● **What is being asked**: Transcribe the line that contains "Kedinin merhameti görenleri" and every line after it to the end of the records, exactly and nothing else. Skip the pictures.

● **Information given**:
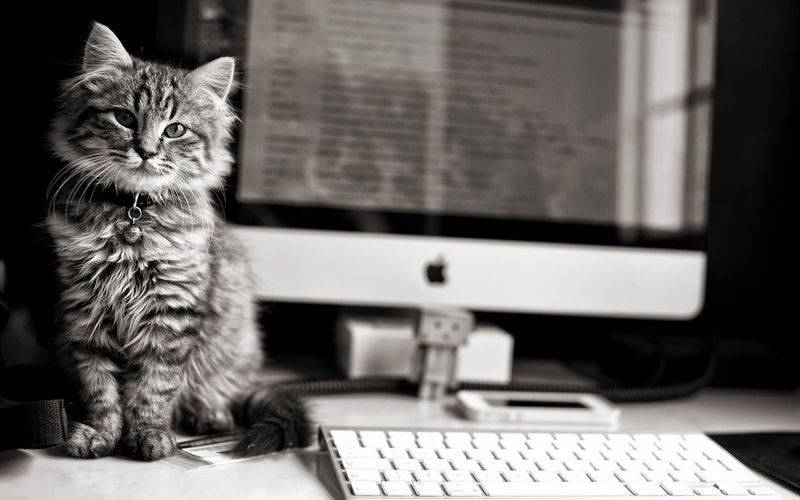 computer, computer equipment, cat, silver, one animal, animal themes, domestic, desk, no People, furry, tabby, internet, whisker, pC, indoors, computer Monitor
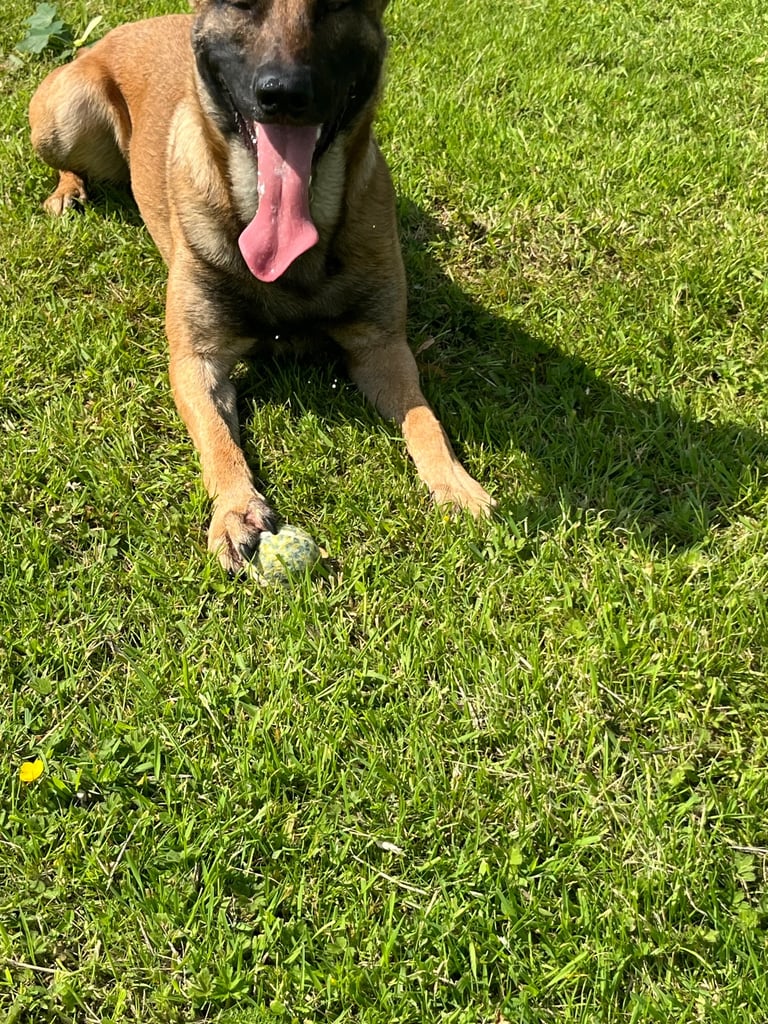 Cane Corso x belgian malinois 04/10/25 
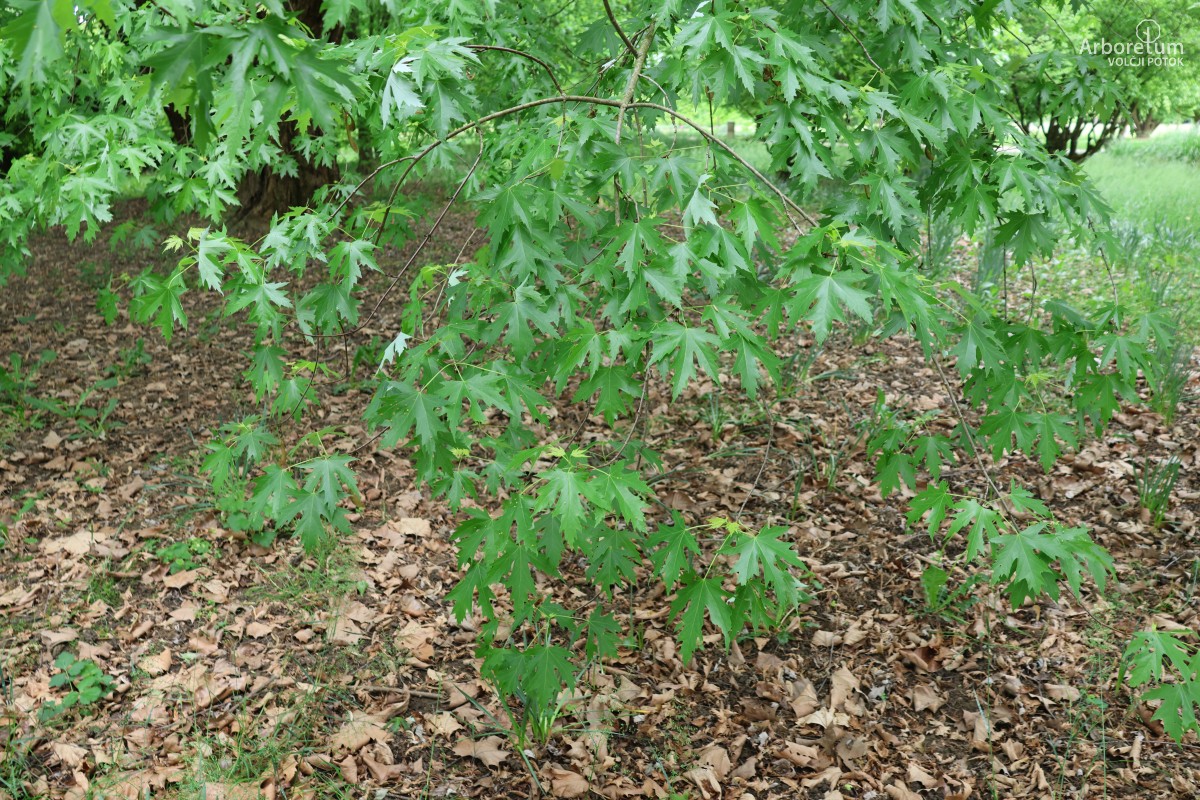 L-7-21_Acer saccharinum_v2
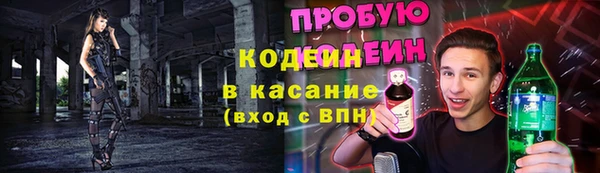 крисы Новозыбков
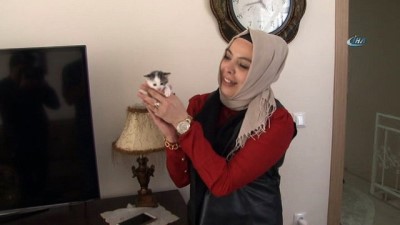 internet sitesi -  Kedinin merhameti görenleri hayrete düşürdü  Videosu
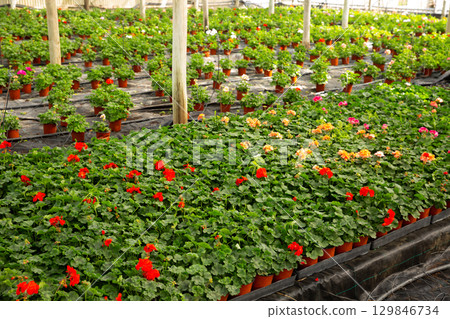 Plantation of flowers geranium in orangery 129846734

● **Output for this task**:
 internet sitesi -  Kedinin merhameti görenleri hayrete düşürdü  Videosu
 Plantation of flowers geranium in orangery 129846734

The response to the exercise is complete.